After an afternoon of fruitless negotiations with the seven so-called “Vivaldi” parties (The Francophone and Flemish liberals, socialists and greens and the Flemish Christian democrats) Mr Lachaert and Mr Rousseau went to the Palace empty-handed when they met with the King at 5pm. They left at around 6pm but gave no comment on their meeting with the King.
The plan had been to appoint a so-called “formateur”, a person that forms the new government and usely becomes Prime Minister. However, this didn’t happen as no agreement had yet been reached between the 7 parties.
At around noon on Monday the talks restarted after they had broken down on Sunday evening. The reason for the talks breaking down then was the perceived attitude of the Francophone liberal leader George Louis Bouchez.

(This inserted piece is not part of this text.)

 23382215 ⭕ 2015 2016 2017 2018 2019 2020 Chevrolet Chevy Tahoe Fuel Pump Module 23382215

Mr Bouchez’s attitude at the negotiating table particularly towards the Francophone socialist leader Paul Magnette and his insistence that the Prime Minister in the current minority government, his party colleague Sophie Wilmès had caused what seemed to be an irreconcilable rift with the socialists from both sides of the language divide.

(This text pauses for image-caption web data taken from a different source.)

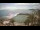 Webcam in Arguineguin (Gran Canaria), 1.4 mi away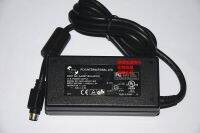 NU25-22120-140A PCH ต้นฉบับ5V1.5A 12V1.5A AA2B71003-001PS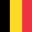 belgija 1 32x32 - Генеральное консульство России в Антверпене (Бельгия)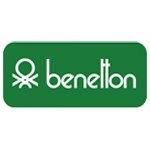 benetton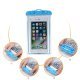 Mbrojtese Telefoni Universale Kunder Ujit | Waterproof Case Mbrojtese Telefoni Universale Kunder Ujit | Waterproof Case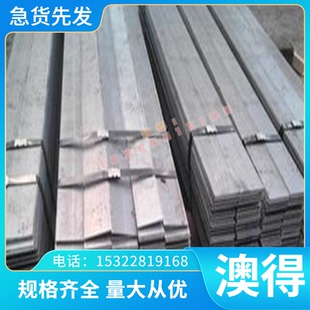 CC760S銅棒CB761S CUZN15AS B銅線CB760S銅合金CUZN15AS CC761S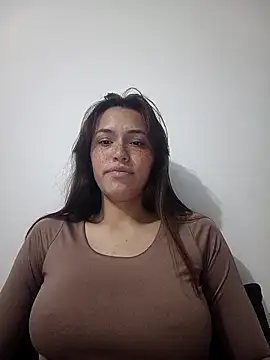 eriika deep  online show from 03-22-25, 05:49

On Monday morning the Flemish socialists said that the Francophone liberals must go. However, the fact that the Flemish liberals insist that they will only enter a coalition with their Francophone ideological bedfellows mans that they must be kept on bord.
Mr Lachaert and Mr Rousseau tried throughout Monday afternoon to get the talks on track. Their failure to do so left them with little choice other than to offer their resignation. However, the King refused to accept this and has asked them to “continue their activities”.
In a statement released on Monday evening, the Palace wrote "The King asks all parties involved to restore trust as quickly as possible”. The two Preformateurs now have until Wednesday to report to the King again. Their task won’t be an easy one.